Bu sene - itiraf edeyim - biraz içime dönme ihtiyacı içindeyim. Bir tür koza örüyorum sanki, en yakınlarım bile dışında kalıyor bazen.
14 aylık psikanalizden sonra, yalnızlığımla barıştım ve aynen çocukluğumdaki gibi sevmeye başladım onu. Hâl böyle olunca da biraz asosyalleştim. Fakat genel anlamda davetlere evet diyen, bir yere çağırıldığında giden, görüştüğü insanlarla hakikaten içten ve samimi olan düz bir yapım var; o dengeliyor biraz.. Ama karşı taraftan da talep yoksa, ben de kendi içime dönüğüm bu sene. İyi ya da kötü demeden; durumum bu..
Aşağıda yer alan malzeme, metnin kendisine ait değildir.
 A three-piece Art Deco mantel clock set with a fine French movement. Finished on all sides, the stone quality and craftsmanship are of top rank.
Fakat şunu gördüm; insanlar - beni gerçekten seven, özleyen, düşünenler - mutlaka arıyor, mutlaka soruyor ve kozama rağmen, içime nüfuz ediyorlar. Ve bu insanlar benim asıl yoldaşlarım işte; hayat yoluna onlarla devam….
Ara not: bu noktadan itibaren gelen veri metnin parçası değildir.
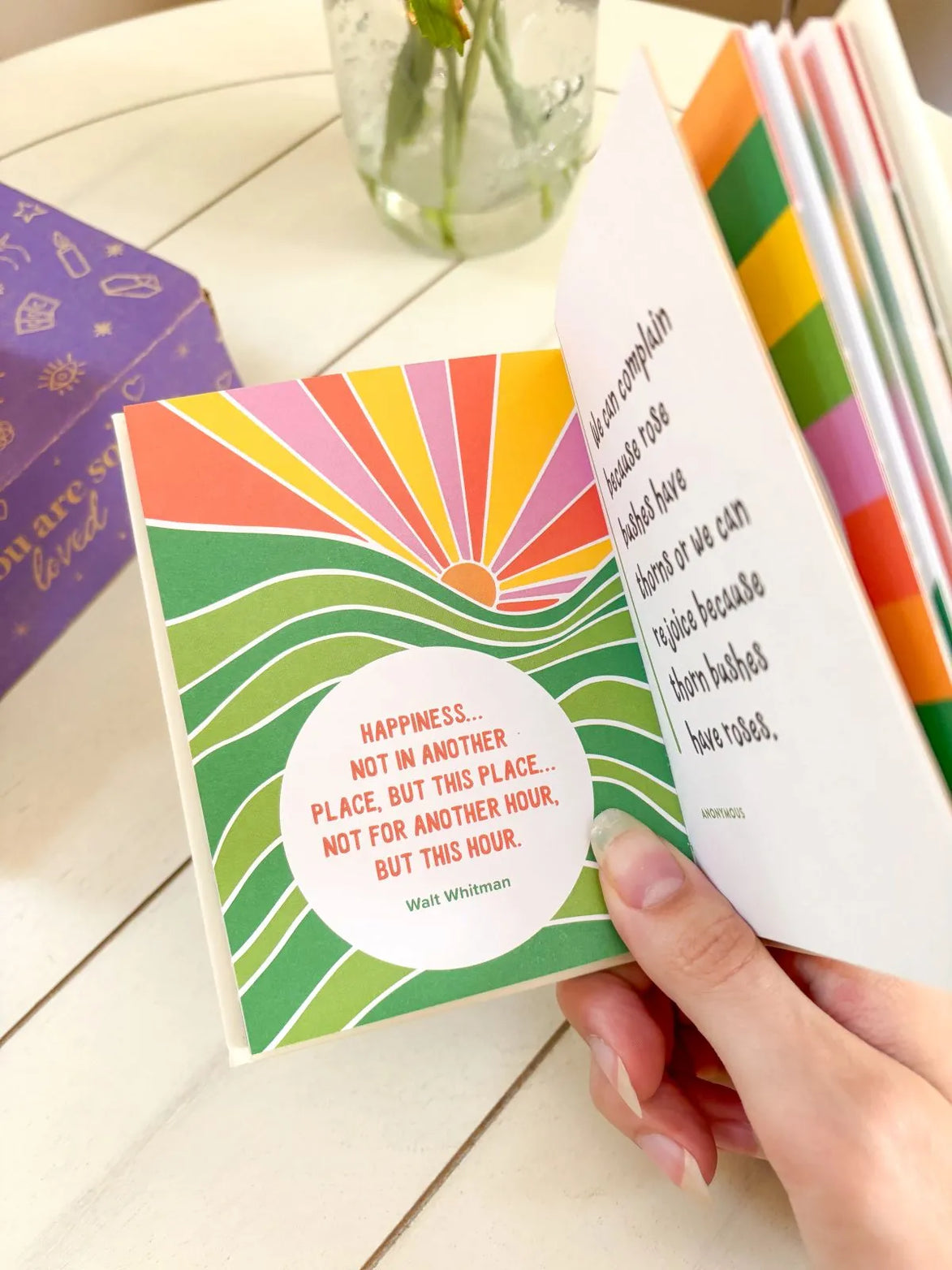 Pocket-sized wellness book with bright cover colors and positive affirmations inside.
Türkiye’ye geldim geleli, sıcağa, mesafeye, ekonomik krize rağmen “dur ben geliyorum o zaman” diyerek, bana özel zaman ayıran, şartlar hiç uymuyorsa da en azından arayıp, telefonla saatlerce çaç çan çene yapan tüm dostlara müteşekkirim.. Siz varken benim sırtım yere gelmez :)
Foto-Hamiş. Şule dedi ki; insan sevdiğini korumak / kollamak istediğinde ona atkı örer, şal ya da omuzları saracak paşmilalar hediye edermiş! Bu yaz inanılmaz şekilde 3 tane yeni paşmilam oldu…… Almanya’da hepsini sizi hatırlayarak kullanacağım.. Korumalı kollanmalı olduğumu da bileceğim.. Seviyorum sizi!